═══ EXERCISE DATA
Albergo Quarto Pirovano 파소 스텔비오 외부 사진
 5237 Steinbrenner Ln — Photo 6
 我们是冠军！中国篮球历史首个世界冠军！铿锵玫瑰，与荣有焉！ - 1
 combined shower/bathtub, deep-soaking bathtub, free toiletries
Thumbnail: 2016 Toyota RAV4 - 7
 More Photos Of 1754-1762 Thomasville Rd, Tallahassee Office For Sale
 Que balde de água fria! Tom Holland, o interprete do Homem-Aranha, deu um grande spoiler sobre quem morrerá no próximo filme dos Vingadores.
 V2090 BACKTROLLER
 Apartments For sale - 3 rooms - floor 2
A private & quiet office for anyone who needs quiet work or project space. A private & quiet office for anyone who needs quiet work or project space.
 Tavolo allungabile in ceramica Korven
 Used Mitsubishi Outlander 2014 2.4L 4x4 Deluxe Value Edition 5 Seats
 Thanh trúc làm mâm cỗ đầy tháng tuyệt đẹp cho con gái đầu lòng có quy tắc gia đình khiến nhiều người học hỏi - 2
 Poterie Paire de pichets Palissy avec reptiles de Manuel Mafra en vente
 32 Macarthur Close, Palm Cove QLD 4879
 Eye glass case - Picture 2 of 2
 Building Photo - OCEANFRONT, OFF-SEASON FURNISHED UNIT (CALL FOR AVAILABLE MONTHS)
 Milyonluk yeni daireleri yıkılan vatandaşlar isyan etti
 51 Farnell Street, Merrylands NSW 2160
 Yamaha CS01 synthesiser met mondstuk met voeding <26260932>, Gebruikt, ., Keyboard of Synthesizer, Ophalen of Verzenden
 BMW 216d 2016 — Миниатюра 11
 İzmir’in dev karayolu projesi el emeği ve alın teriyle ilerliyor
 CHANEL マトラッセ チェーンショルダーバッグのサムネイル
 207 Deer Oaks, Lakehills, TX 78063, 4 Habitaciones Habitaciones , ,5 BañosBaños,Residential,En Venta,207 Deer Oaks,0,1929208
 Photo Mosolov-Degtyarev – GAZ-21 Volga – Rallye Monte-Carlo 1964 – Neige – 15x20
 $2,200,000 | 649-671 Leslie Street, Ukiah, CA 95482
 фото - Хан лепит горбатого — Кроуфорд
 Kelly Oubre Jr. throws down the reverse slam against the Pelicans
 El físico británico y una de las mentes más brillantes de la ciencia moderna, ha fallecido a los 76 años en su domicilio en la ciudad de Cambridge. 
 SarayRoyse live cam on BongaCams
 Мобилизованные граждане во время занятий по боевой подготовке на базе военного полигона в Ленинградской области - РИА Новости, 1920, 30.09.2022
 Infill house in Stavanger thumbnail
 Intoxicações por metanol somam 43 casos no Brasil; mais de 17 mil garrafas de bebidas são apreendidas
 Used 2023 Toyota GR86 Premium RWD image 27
══════
## ABOUT THIS EXERCISE
Whenever the word "Used" appears in a line of the data above, that line counts. Say how many lines count, and nothing more.

## RESULT FOR THIS EXERCISE
2